Convert a Pocket PC PDA To a Wireless Phone
If you use a Pocket PC 2002 PDA that has wireless LAN capabilities, add one more item to your able-to-do list: Make phone calls.
The TeleSym SymPhone System ($3,000 to $28,000 list for 10 to 100 licenses) is designed for enterprise workgroups. It supports PDA-to-PDA calls on the same network or calls across the globe if you are within range of a designated access point. The SymPhone System NP ($5,000 to $34,200 list for 10 to 100 users) adds PDA-to-phone voice communication from any location. These SymPhone systems are worth considering for businesses that want an alternative to two-way radios or want to leverage their investment in wireless PDAs by saving on phone charges when possible.
You need at least two of the three SymPhone components for a working system. The SymPhone Client software installs the interface on your PDA to manage incoming and outgoing calls. The interface includes an on-screen dial pad and phone book; unfortunately, the phone book is not integrated with Microsoft Pocket Outlook on the PDA. The SymPhone Call Server application enables the PDA client software to make and receive calls. It also provides a directory of other SymPhone users.
With these two components installed, you can make PDA-to-PDA calls free of charge. In order to call conventional phones from your SymPhone-enabled PDA, your company needs to install the third component, SymPhone Connector. The current version of SymPhone Connector is for the 3Com NBX public switched telephone network (PSTN) server, with others to follow. With the three system components installed, you can make PDA-to-phone calls, though since calls go through your PBX, normal phone charges apply.

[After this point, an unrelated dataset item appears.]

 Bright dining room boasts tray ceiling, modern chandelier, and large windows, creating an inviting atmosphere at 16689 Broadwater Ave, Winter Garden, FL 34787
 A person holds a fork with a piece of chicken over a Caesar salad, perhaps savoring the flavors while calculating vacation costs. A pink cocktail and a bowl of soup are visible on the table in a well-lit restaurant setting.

We tested SymPhone System NP with a Compaq iPAQ 3850 with a 802.11b wireless network card installed in the PDAs expansion pack. When making calls from the iPAQ to conventional phones, including landline and Sprint PCS digital phones, the voice quality was so good the recipient would have no clue that you were not calling from a conventional phone. In calls between two PDAs, one in Connecticut and one in Washington, D.C., the voice quality was also excellent, without the gap or latency problems that have plagued earlier Voice over IP applications.
The SymPhone systems are a good solution for companies that want to make the most of their PDA investments while also gaining a backup to the traditional phone system.